◆ EXERCISE:
When the line containing "Amortisseur arrière résoud" is found in the data below, copy it and each line after it through the line containing "Radiateur, batterie de", exactly and with no others.

◆ MATERIAL SHOWN:
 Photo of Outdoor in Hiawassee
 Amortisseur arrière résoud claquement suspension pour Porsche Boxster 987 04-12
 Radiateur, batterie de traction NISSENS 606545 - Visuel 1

* * *

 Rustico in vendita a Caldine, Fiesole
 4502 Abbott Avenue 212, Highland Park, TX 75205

◆ SOLUTION TO THIS TASK:
 Amortisseur arrière résoud claquement suspension pour Porsche Boxster 987 04-12
 Radiateur, batterie de traction NISSENS 606545 - Visuel 1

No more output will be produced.